Earlier this month, the U.S. Court of Appeals for the Second Circuit seemingly stripped federal prosecutors of the use of two statutes used to combat the theft of intellectual property, critical technologies and other proprietary and sensitive business information, when it reversed the conviction of Sergey Aleynikov. See United States v. Aleynikov, ---F.3d ---, 2012 WL 1193611 (2d Cir. 2012). As discussed below, the Aleynikov opinion has far-reaching implications for companies seeking to protect their intellectual property and other proprietary products and information. It further serves as a lesson that now is the time for companies to review internal policies and processes relating to identifying and protecting intellectual property, computer use and removable media and information sharing between human resources, management, information technology and security.

In February 2010, a grand jury sitting in the U.S. District Court for the Southern District of New York returned an indictment charging Mr.

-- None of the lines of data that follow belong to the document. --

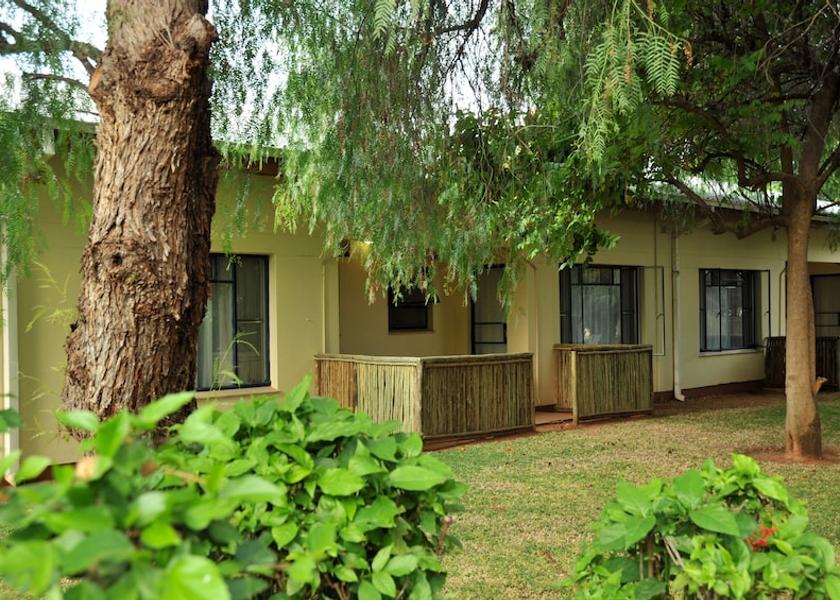 Central Palapye Exterior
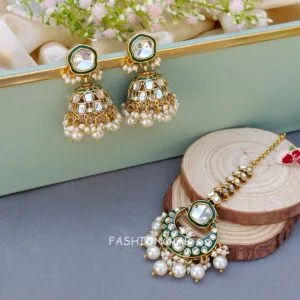 Gurleen Maangtikka with Earrings - White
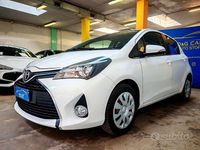 Usata Toyota Yaris Active 69 CV (50 kW) 2015 Bianco Utilitaria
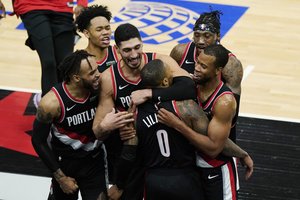 NBA naktis: D. Lillardo šou ir „Lakers“ išvargta pergalė Bostone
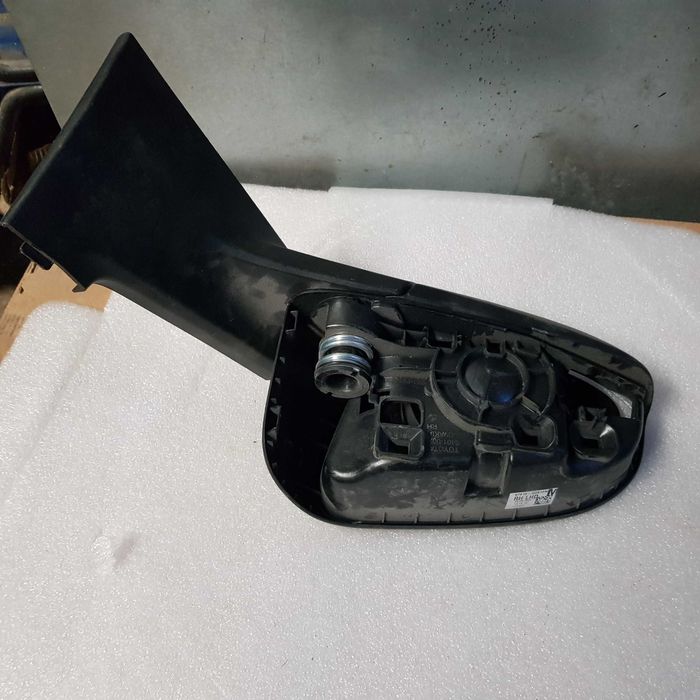 lusterko zewnętrzne Toyota Yaris 3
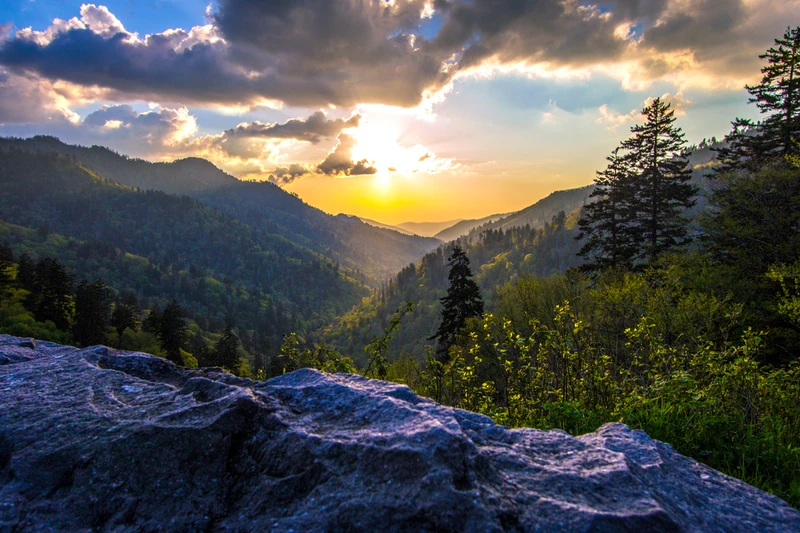 newfound gap overlook is one of the top Smoky Mountain overlooks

Aleynikov, a computer programmer formerly employed by Goldman Sachs & Co. who helped to write the source code for Goldman’s proprietary high-frequency trading (HFT) system, with (1) theft of trade secrets in violation of the Economic Espionage Act of 1996, 18 U.S.C. § 1832 (the “EEA”), (2) transportation of stolen property in interstate and foreign commerce, in violation of the National Stolen Property Act, 18 U.S.C. § 2314 (the “NSPA”), and (3) unauthorized computer access, in violation of the Computer Fraud and Abuse Act, 18 U.S.C. § 1030 (the “CFAA”).